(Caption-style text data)
*** Begin section ***
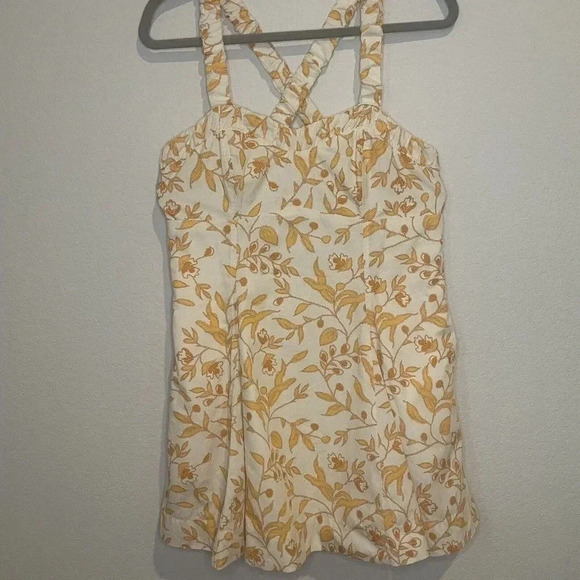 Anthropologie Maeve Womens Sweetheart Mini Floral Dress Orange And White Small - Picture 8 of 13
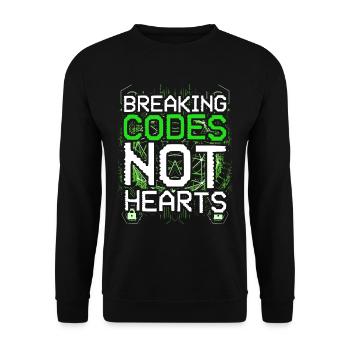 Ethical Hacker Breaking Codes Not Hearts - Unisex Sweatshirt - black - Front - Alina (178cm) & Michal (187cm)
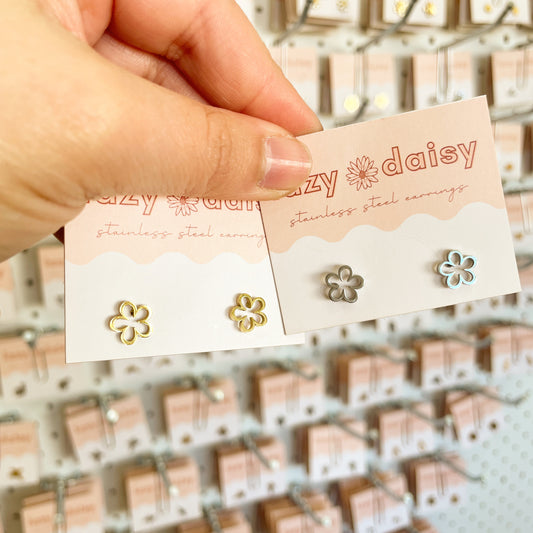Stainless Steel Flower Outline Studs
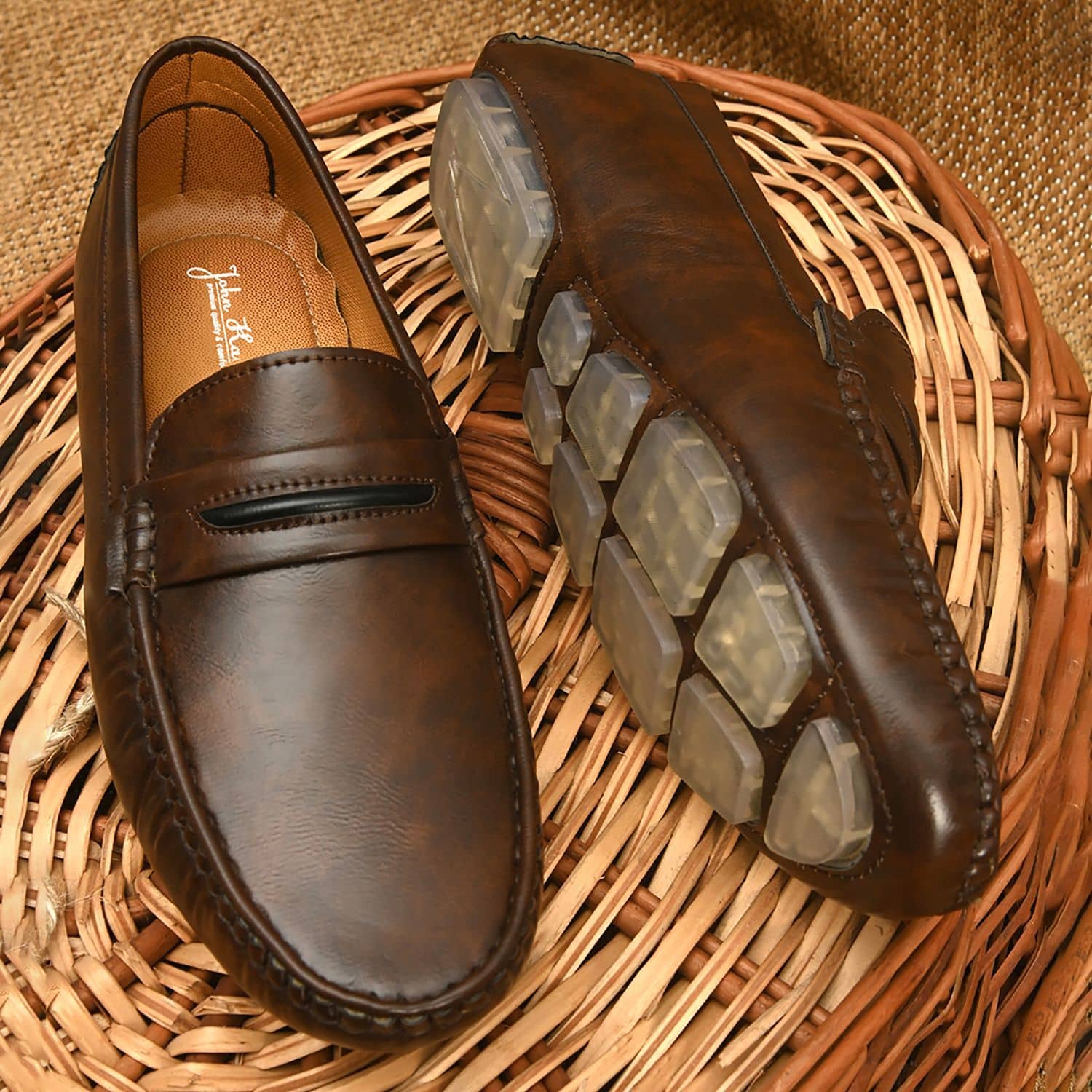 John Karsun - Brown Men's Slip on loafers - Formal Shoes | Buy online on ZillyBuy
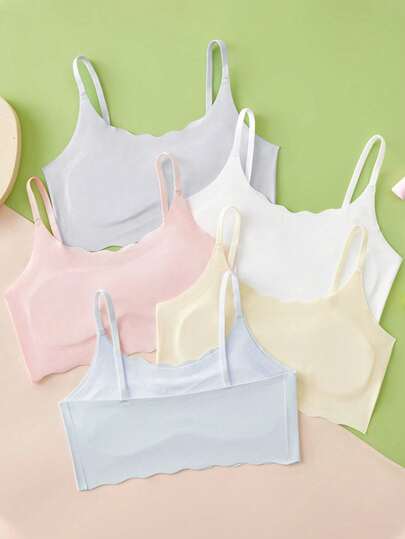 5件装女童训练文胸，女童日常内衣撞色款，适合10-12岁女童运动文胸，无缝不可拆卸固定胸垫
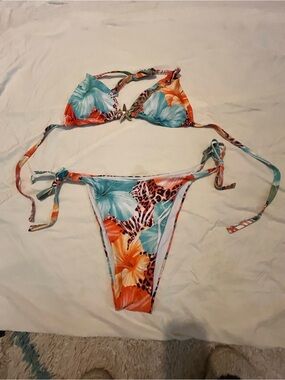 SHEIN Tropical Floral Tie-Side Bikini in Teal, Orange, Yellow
*** End section ***
● ABOUT THIS EXERCISE
Starting with the line that contains "Ethical Hacker Breaking", repeat each line exactly through the last line of the data above, and nothing more; the pictures stay out.

● FINISHED TASK
 Ethical Hacker Breaking Codes Not Hearts - Unisex Sweatshirt - black - Front - Alina (178cm) & Michal (187cm)
Stainless Steel Flower Outline Studs
 John Karsun - Brown Men's Slip on loafers - Formal Shoes | Buy online on ZillyBuy
 5件装女童训练文胸，女童日常内衣撞色款，适合10-12岁女童运动文胸，无缝不可拆卸固定胸垫
 SHEIN Tropical Floral Tie-Side Bikini in Teal, Orange, Yellow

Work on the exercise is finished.